As a key member of our team, you will be responsible for ensuring the security and integrity of our systems and networks. This role involves handling security incidents, conducting forensic investigations, and implementing measures to enhance our security posture using new and existing technology.
key responsibilities
* you will actively monitor and respond to security incidents and alerts using advanced threat detection tools, ensuring timely mitigation and resolution.
* assist with incident response and system stability issues as they occur, collaborating with cross-functional teams to resolve complex problems.
* perform detailed forensic analysis on network traffic and logs to detect and trace signs of malicious activities and compromised systems across various platforms, including cloud environments.
* develop and maintain comprehensive incident response and digital forensics plans, ensuring they are up-to-date and aligned with industry best practices.
* collaborate with it and engineering teams to refine technology usage and security practices, leveraging tools such as security information and event management (siem), security orchestration, automation, and response (soar), intrusion detection systems (ids), host-based intrusion prevention systems (hips), and active directory.
* oversee the implementation of defensive strategies and countermeasures across infrastructure and applications, ensuring alignment with business objectives.

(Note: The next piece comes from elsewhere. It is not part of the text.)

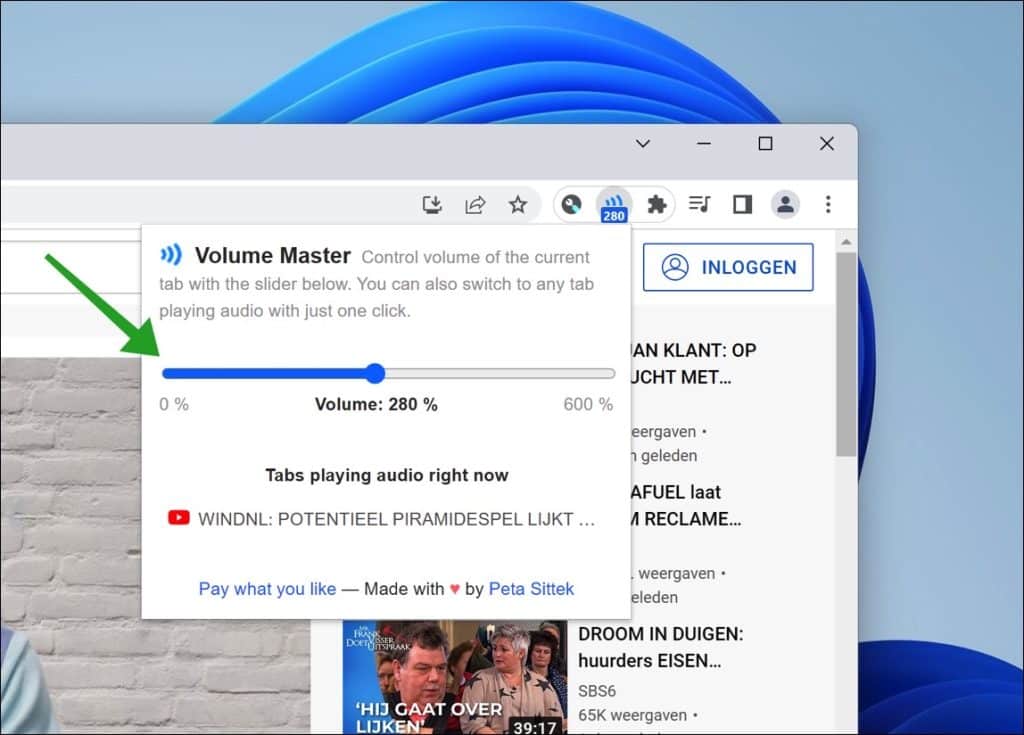 Geluid Volume In Google Chrome Verhogen Boven 100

* continuously improve the incident response program by integrating lessons learned from past incidents and staying current with industry trends and best practices.
requirements
* a minimum of 1-3 years' experience in information security, specifically in security operations and incident handling.
* strong understanding of the incident response lifecycle and best practices in digital forensics, with a focus on analytical and problem-solving skills.
* excellent communication and collaboration skills, with the ability to handle high-pressure situations and work effectively in a fast-paced environment.
* proficiency with advanced threat detection tools, including edr/xdr solutions such as microsoft defender, sentinelone, and crowdstrike.
* experience in cloud computing technologies, including software-, infrastructure-, and platform-as-a-service, as well as public, private, and hybrid environments – particularly microsoft e5 products and their security and compliance capabilities.